Luas wilayah Kota Purwokerto adalah 3.585,34 ha, terdiri dari tanah
sawah kering, perkebunan negara/ swasta/ perorangan dan lain-lain
termasuk sungai, jalan dan kuburan.
Wilayah kota Purwokerto saat ini terdiri atas 28 kelurahan yang terbagi
dalam 4 wilayah kecamatan. Kecamatan Purwokerto Utara terdiri atas 7
kelurahan, kecamatan Purwokerto Selatan ada 7 kelurahan, kecamatan
Purwokerto Barat ada 7 kelurahan juga dan kecamatan Purwokerto Timar
juga ada 7 kelurahan.
Sedangkan batas wilayah kota Purwokerto yaitu; sebelah barat berbatasan
dengan Kecamatan Karang Lewas, sebelah utara dengan Kecamatan Sumbang
dan Kecamatan Baturraden, sebelah timur berbatasan dengan Kecamatan
Sumbang dan Kecamatan Sokaraja dan sebelah selatan berbatasan dengan
Kecamatan Patikraja dan Kecamatan Sokaraja.
Wilayah kota Purwokerto terletak di bagian selatan Propinsi Jawa Tengah,
terdiri atas 4 kecamatan dan 28 kelurahan berpenduduk sekitar 208.160
jiwa. Adanya jalur regional yang menghubungkan kota-kota di Jawa Barat,
Jawa Tengah dan Jawa Timur yang melalui Kota Purwokerto yang menyebabkan
kota ini menjadi pusat simpul jalur transportasi dan distribusi.
Sedangkan menurut sistem perkotaan di Jawa Tengah, peranan dan fungsi
kota Purwokerto adalah sebagai pusat utama wilayah pembangunan poros
Cilacap.
Berdasarkan letak geografis, wilayah kota Purwokerto dibagi dalam tiga kawasan, yaitu :
Lingkungan rural (daerah pedesaan atau pinggiran) yang meliputi sebagian Kecamatan Purwokerto Utara dan Purwokerto Selatan.
Lingkungan urban (perkotaan) yaitu sebagian Purwokerto Utara dan Purwokerto Timur.
Lingkungan transisi, yaitu kecamatan Purwokerto Barat.
Fasilitas perekonomian yang ada meliputi perusahaan, bengkel, pasar,
hotel supermarket/ pertokoan dan home industri. Di bidang pendidikan,
sosial dan budaya terdapat sarana pendidikan mulai dari TK sampai
perguruan Tinggi dan beberapa lembaga pendidikan lain. Pemeliharaan
keamanan dan ketertiban di wilayah Purwokerto menggunakan sistem
keamanan lingkungan secara terpadu.
Secara umum Purwokerto sesuai dengan fungsinya terdapat 4 jenis lingkungan kota, yaitu :
Lingkungan perdagangan dan perkantoran, berlokasi di daerah pusat kota,
sepanjang jalan regional dan berkembang lancar sepanjang beberapa jalan
arteri.
Pada bagian tengah kota, penggunaan lahannya untuk perumahan, berkembang konsentris terhadap pusat kota.

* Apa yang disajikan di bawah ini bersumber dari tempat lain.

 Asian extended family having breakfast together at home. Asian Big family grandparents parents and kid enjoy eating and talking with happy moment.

Fasilitas pendidikan dasar dan menengah menyebar di beberapa bagian kota dan masih berlokasi di sekitar wilayah pusat kota.

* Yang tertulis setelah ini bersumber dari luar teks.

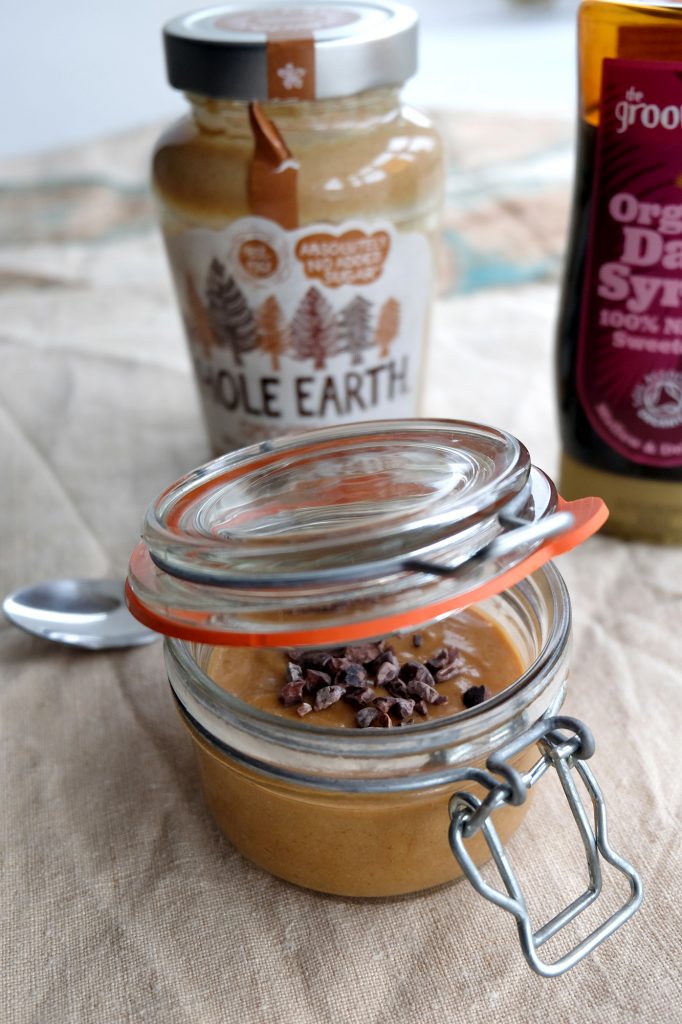 A jar with peanut butter pudding mousse and behind a jar of peanut butter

fasilitas sosial yang paling menonjol adalah fasilitas kesehatan
berlokasi di beberapa pusat kota, ada yang di wilayah bagian barat,
timur dan utara.
Kota Purwokerto dalam menyelenggarakan pemerintahan, menggerakan
pembangunan dan dalam membina masyarakat selalu bertolak dari kondisi,
potensi dan kemungkinan pengembangannya di masa yang akan datang. Adapun
potensi yang dimiliki Kota Purwokerto dapat dikelompokkan dalam 2 aspek
yaitu sumber daya manusia dan sumber daya alam. Sumber daya manusia
merupakan motor penggerak lajunya pembangunan, sehingga selalu
diupayakan pembinaanya, baik dalam segi kualitas maupun kuantitas.
Potensi sumber daya alam secara geografis di samping memiliki letak
strategis sebagai kota sentral terhadap kota-kota lain dalam wilayah
kabupaten Banyumas, dilaluinya jalur regional yang menghubungkan
kota-kota di Jawa Tengah juga memiliki peran sebagai jasa koleksi dan
distribusi hasil-hasil pertanian dan industri kecil.

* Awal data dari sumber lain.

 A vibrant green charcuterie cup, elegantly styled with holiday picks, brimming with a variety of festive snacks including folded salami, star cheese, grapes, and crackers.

Dengan Surat Keputusan Bupati Kepala daerah Tingkat II nomor
130/1207/1988, pada waktu itu Bupati Djoko Sudantoko, telah ditetapkan
motto Kota Purwokerto/ Kabupaten Banyumas. Motto diperlukan sebagai
motivasi memacu jalannya pembangunan. Karena itu, dipilih motto kota
‘SATRIA’ yang dirasa tepat untuk Kabupaten Banyumas yang beribu kota di
Purwokerto. Satria di sini mengandung dua pengertian. Pertama, Satria
adalah singkatan atau akronim dari Sejahtera, Adil, Tertib, Rapi, Indah
dan Aman. Motto yang terkandung dalam ungkapan Satria ini sejalan dengan
usaha-usaha pembangunan yang sedang dan terus dilaksanakan pemerintah
daerah. Peran Satria sebagai motto, etos kerja bagi aparat dan
masyarakat juga sebagai sasaran atau arah pembangunan. Kedua, Satria
mempunyai pengertian sifat masyarakat Banyumas yang “cablaka”. Artinya
Jujur, terbuka (terus terang), tulus ikhlas, mempunyai loyalitas,
dedikasi yang tinggi dan berani sebagai watak seorang ksatria. Sosok
Bawor sebagai tokoh wayang khas Banyumas menjadi trade mark.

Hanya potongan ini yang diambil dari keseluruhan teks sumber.